DE Memorial Bridge – Ship Collision Protection Project Underway Since 2023


It’s been a week since a massive container ship struck the support structure leading to the collapse of the Francis Scott Key Bridge in Baltimore. Could the same thing happen to the Delaware Memorial Bridge? Jim Salmon at the Delaware River & Bay Authority tells the Talk of Delmarva that construction of the bridge’s Ship Collision Protection System has been underway since July of 2023. Two cells have been completed and construction continues on the remaining six cells.

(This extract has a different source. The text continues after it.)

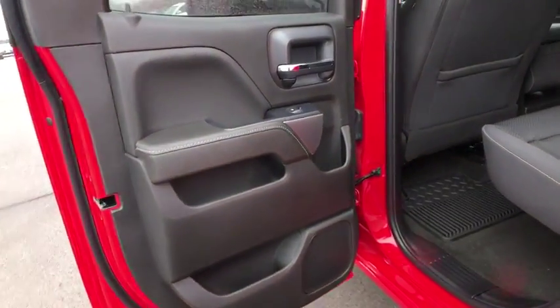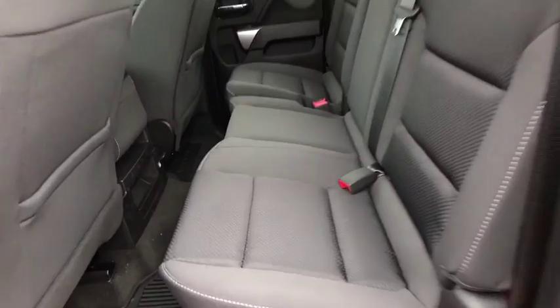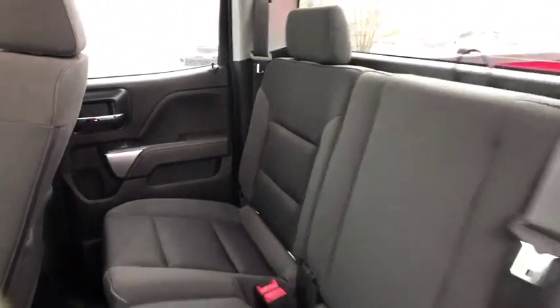If affordable style and reliability are what you're looking for, this vehicle couldn't be more perfect. Drive it today!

This work is scheduled to be completed in September of 2025. Salmon adds that this protection system is designed for a Neo-Panamax vessel – which is slightly larger than the Dali, which struck the Key Bridge – and the cells are designed to be sacrificial and will stop a ship from hitting the bridge.

  • Design criteria based on American Association of State Highway Transportation Officials
  • Each cell is 80’ diameter x 8 cells with each one using 150 sheet piling which equates to 540 tons of steel in each
  • Each cell is filled with approximately 15,000 CY of sand, 140 CY of large stone, and 400 CY of large boulders at the top
  • Piling are 110’ long without splices.  Of this amount, 15’ protrudes above the water, then passes through 50’ of water, then a 35’ silty clay layer, and the tip penetrates 10’ through a dense sand layer


This nearly $93 million is partially funded by a $22.25 million U.S. Department of Transportation (DOT) Better Utilizing Investment to Leverage Development (BUILD) grant.

The first span of the Delaware Memorial Bridge opened in 1951 – the twin span was completed in 1968 and the current bridge tower pier protection systems were original to each span.

The new bridge ship collision protection system project consists of the installation of eight (8) stone filled “dolphin” cylinders, each measuring eighty (80) feet in diameter. Four cells will be installed at the piers supporting both eastern and western towers and be located a minimum of 443 feet from the edge of the Delaware River’s 800’ wide channel.